August 1, 1997 - August 3, 1997

Uncertainty in Artificial Intelligence (UAI) ’97

Location: Providence, Rhode Island, USA

  • Speaker: Steffen L. Lauritzen

    Inference in probabilistic expert systems has been made possible through the development of efficient algorithms that in one way or another involve message passing between local entities arranged to form a junction tree. Many of these algorithms have a common structure which can be partly formalized in abstract axioms with an algebraic flavor. However, the existing abstract frameworks do not fully capture all interesting cases of such local computation algorithms. The lecture described the basic elements of the algorithms, giving examples of interesting local computations that are covered by current abstract frameworks, and also examples of interesting computations that are not, with a view towards reaching a fuller exploitation of the potential in these ideas.
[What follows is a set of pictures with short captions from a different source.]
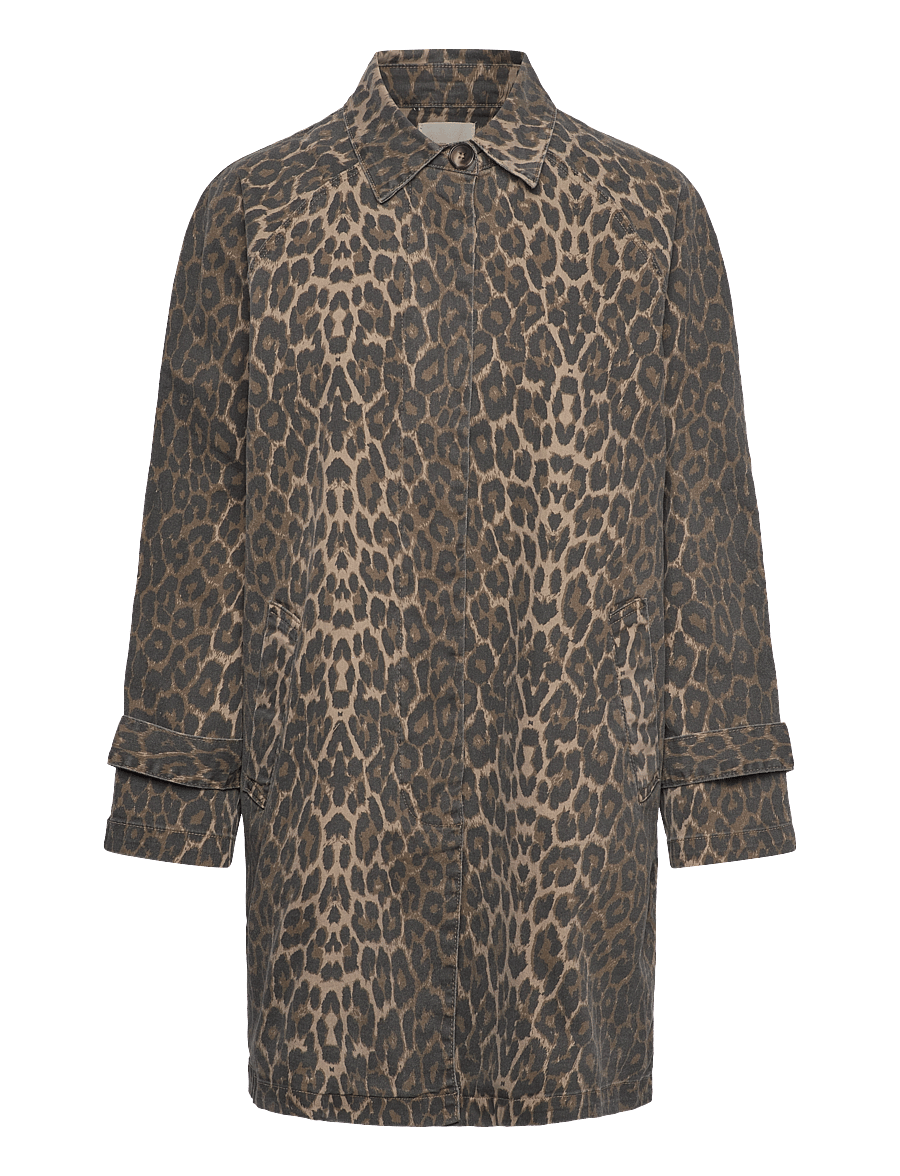 Sofie Schnoor - FILIPASW COAT - light brown leopard - 1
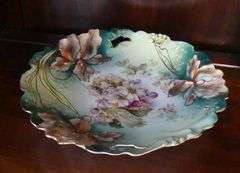 THREE PIECES OF ANTIQUE GERMAN PORCELAIN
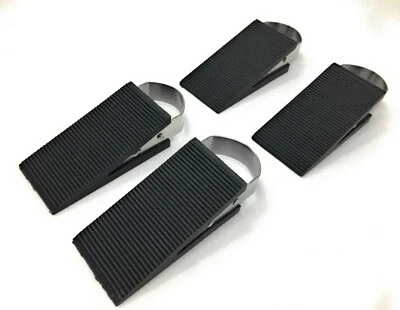 4x Türkeil Türstopper Türpuffer Türschutz Fensterkeil Gummikeil schwarz xx - Bild 1 von 4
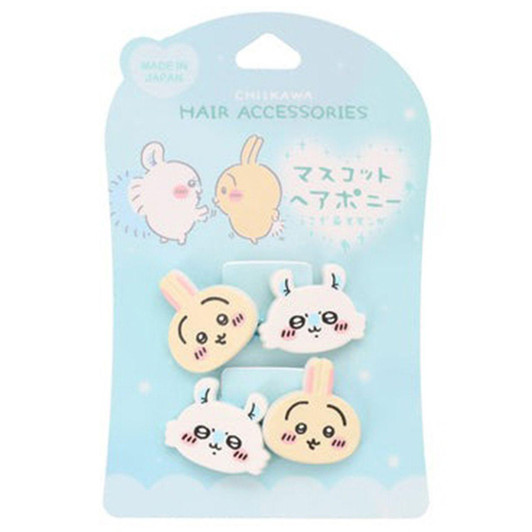  Shobido Chiikawa Mascot Hair Pony 2P Rabbit And Momonga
  • Speaker: Robert J. McEliece

    In 1993 a group coding researchers in France devised, as part of their astonishing “turbo code” breakthrough, a remarkable iterative decoding algorithm. This algorithm can be viewed as an inference algorithm on a Bayesian network, but (a) it is approximate, not exact, and (b) it violates a sacred assumption in Bayesian analysis, viz., that the network should have no loops. Indeed, it is accurate to say that the turbo decoding algorithm is functionally equivalent to Pearl’s algorithm applied to a certain directed bipartite graph in which the messages circulate around indefinitely, until either convergence is reached, or (more realistically) for a fixed number of cycles. With hindsight, it is possible to trace a continuous chain of “loopy” belief propagation algorithms within the coding community beginning in 1962 (with Gallager’s iterative decoding algorithm for low density parity check codes), continued in 1981 by Tanner and much more recently (1995-1996) by Wiberg and MacKay-Neal. This talk challenged the UAI community to reassess the conventional wisdom that probability propagation only works in trees, since the coding community has now accumulated considerable experimental evidence that in some cases at least, “loopy” belief propagation works, at least approximately. McEliece brought the AI audience up to speed on the latest developments in coding, emphasizing convolutional codes, since they are the building blocks for turbo-codes. Two of the most important (pre-turbo) decoding algorithms, viz. Viterbi (1967) and BCJR (1974) can be stated in orthodox Bayesian network terms. BCJR, for example, is an anticipation of Pearls’ algorithm on a special kind of tree, and Viterbi’s algorithm gives a solution to the “most probable explanation” problem on the same structure. Thus coding theorists and AI people have been working on, and solving, similar problems for a long time. It would be nice if they became more aware of each other’s work.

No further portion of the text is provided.